機能ブランチには、データベース操作を許可する読み取り/書き込みコンピューティング エンドポイントが必要です。
databricks postgres create-endpoint \
projects/$PROJECT_ID/branches/feature \
primary \
--json '{
"spec": {
"endpoint_type": "ENDPOINT_TYPE_READ_WRITE",
"autoscaling_limit_min_cu": 0.5,
"autoscaling_limit_max_cu": 2.0
}
}'
機能ブランチでの開発とテストが完了したら、それを削除できます。
databricks postgres delete-branch projects/$PROJECT_ID/branches/feature
注
削除コマンドはすぐに戻りますが、実際の削除が完了するまでに時間がかかる場合があります。 削除を確認するには、対応するリソース取得コマンドを実行します。このコマンドを実行すると、リソースが完全に削除されるとエラーが返されます。
読み取りレプリカを使って読み取りをスケールする
読み取りレプリカを追加して、読み取りトラフィックの増加を処理します。 次の例では、既定の運用ブランチに読み取りレプリカを追加します。
databricks postgres create-endpoint \
projects/$PROJECT_ID/branches/$BRANCH_ID \
read-replica-1 \
--json '{
"spec": {
"endpoint_type": "ENDPOINT_TYPE_READ_ONLY",
"autoscaling_limit_min_cu": 0.5,
"autoscaling_limit_max_cu": 4.0
}
}'
異なるエンドポイント ID (read-replica-1、 read-replica-2など) を持つ複数の読み取りレプリカを作成して、読み取りワークロードを分散できます。
主要な概念を理解する
長時間実行される操作
作成、更新、削除の各コマンドは、実行時間の長い操作です。 既定では、CLI は操作の完了を待機します。
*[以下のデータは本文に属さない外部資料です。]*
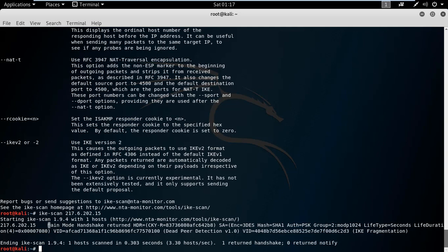The main mode, the dead peer detection version 1.0, we have the IKE fragmentation.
--no-waitを使用してすぐに戻り、状態を個別にポーリングします。
databricks postgres create-project $PROJECT_ID \
--json '{"spec": {"display_name": "My Project"}}' \
--no-wait
操作状況を監視します。
databricks postgres get-operation projects/$PROJECT_ID/operations/operation-id
リソースの名前付け
Lakebase では、階層型リソース名が使用されます。
-
プロジェクト:
projects/{project_id}。 プロジェクトの作成時にプロジェクト ID を指定します。 -
分岐:
projects/{project_id}/branches/{branch_id}。 ブランチ ID は、ブランチの作成時に指定します。 -
エンドポイント:
projects/{project_id}/branches/{branch_id}/endpoints/{endpoint_id}。 エンドポイントの作成時に、エンドポイント ID (primaryやread-replica-1など) を指定します。
ID の長さは 1 ~ 63 文字で、小文字で始まり、小文字、数字、ハイフンのみを含める必要があります。
マスクを更新する
更新コマンドには、変更するフィールドを指定する更新マスクが必要です。 マスクは、 spec.display_name のようなフィールド パスか、複数のフィールドのコンマ区切りリストです。
--json ペイロードには、これらのフィールドの新しい値が含まれています。 更新マスクに一覧表示されているフィールドのみが変更されます。